It was a farmhouse, one-storied, thatch-roofed, over-shadowed by a walnut tree and it stood upon the flat back of one of the stone giants, not far from the cathedral. A garden full of lilies and hollyhocks, full of sweet peas and poppies and nasturtiums, wound itself about the house.
Joh Fredersen’s mother had only one son and him she had very dearly loved. But the Master over the great Metropolis, the Master of the machine-city, the Brain of the New Tower of Babel had become a stranger to her and she hostile to him. She had had to look on once and see how one of Joh Fredersen’s machine-Titans crushed men as though they were dried up wood. She had screamed to God. He had not heard her. She fell to the ground and never got up again. Only head and hands retained their vitality in the paralysed body. But the strength of a legion blazed in her eyes.
She opposed her son and the work of her son. But he did not let her alone; he forced her to him.

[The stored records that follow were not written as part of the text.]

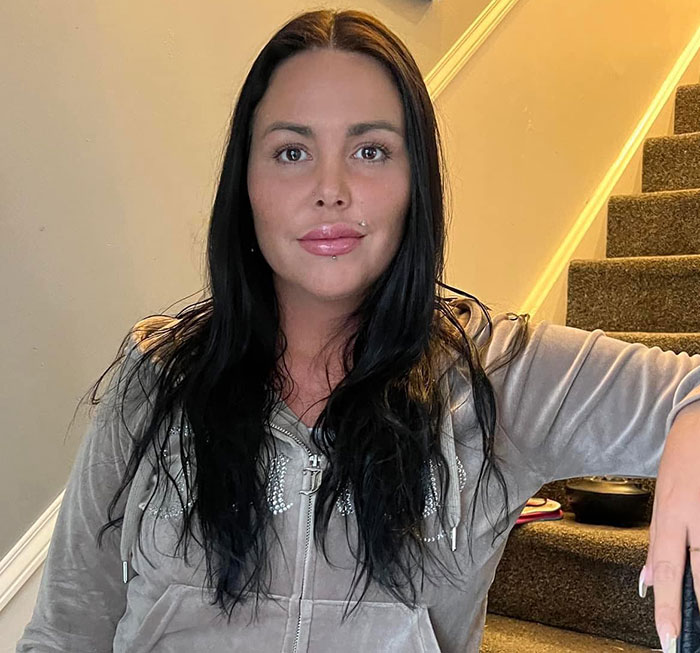 33-Year-Old Mom Of Five Is UK’s First Person To Lose Life In UK From Undergoing BBL 33-Year-Old Mom Of Five Is UK’s First Person To Lose Life In UK From Undergoing BBL
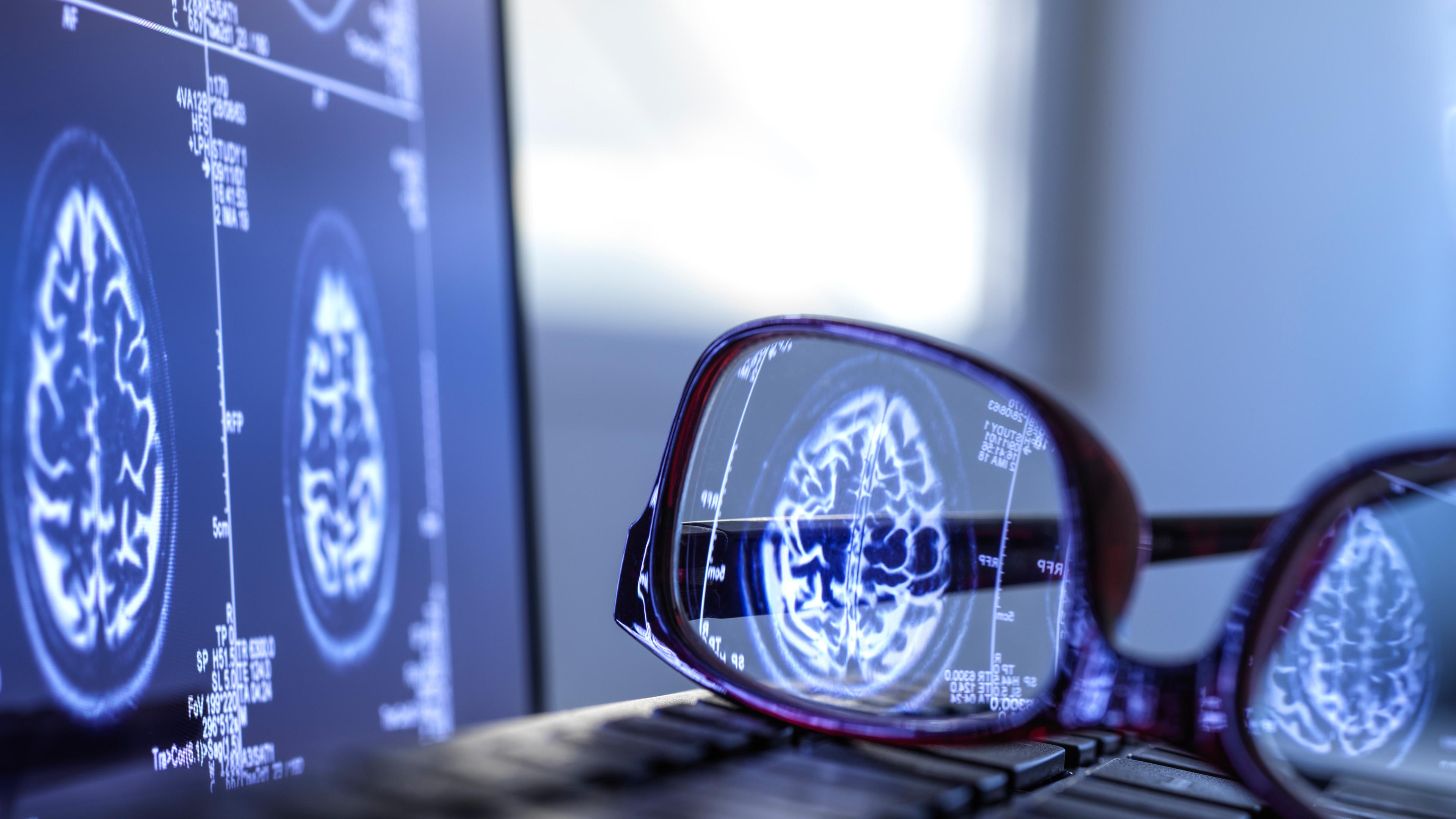 Gehirnscan auf Computer spiegelt sich in Brille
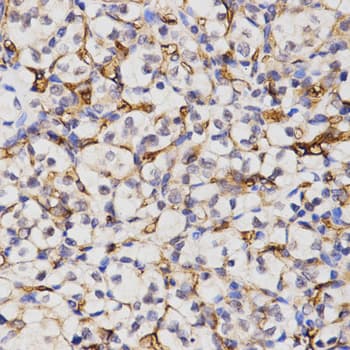 CA4 / Carbonic Anhydrase IV Antibody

When she angrily vowed she wished to live in her house—under the thatched roof, with its vault, the walnut tree—until her dying day, he transplanted house and tree and gaily blossoming garden to the flat roof of the stone house-giant which lay between the cathedral and the New Tower of Babel. The walnut tree ailed one year long; and then it became green again. The garden blossomed, a wonder of beauty, about the house.
When Joh Fredersen entered this house he came from sleepless nights and evil days.
He found his mother as he always found her: sitting in the wide, soft chair by the open window, the dark rug over the now paralysed knees, the great Bible on the sloping table before her, in the beautiful old hands the delicate figured lace at which she was sewing; and, as ever, when he came to her, she silently laid aside the fine work and folded her hands firmly in her lap as though she must collect all her will and every thought for the few minutes which the great son spent with his mother.
They did not shake hands; they did not do that any more.
“How are you, mother?” asked Joh Fredersen.
She looked at him with eyes in which gleamed the strength of a heavenly legion. She asked:
“What is it you want, Joh?”
He sat down opposite her and laid his forehead in his hands.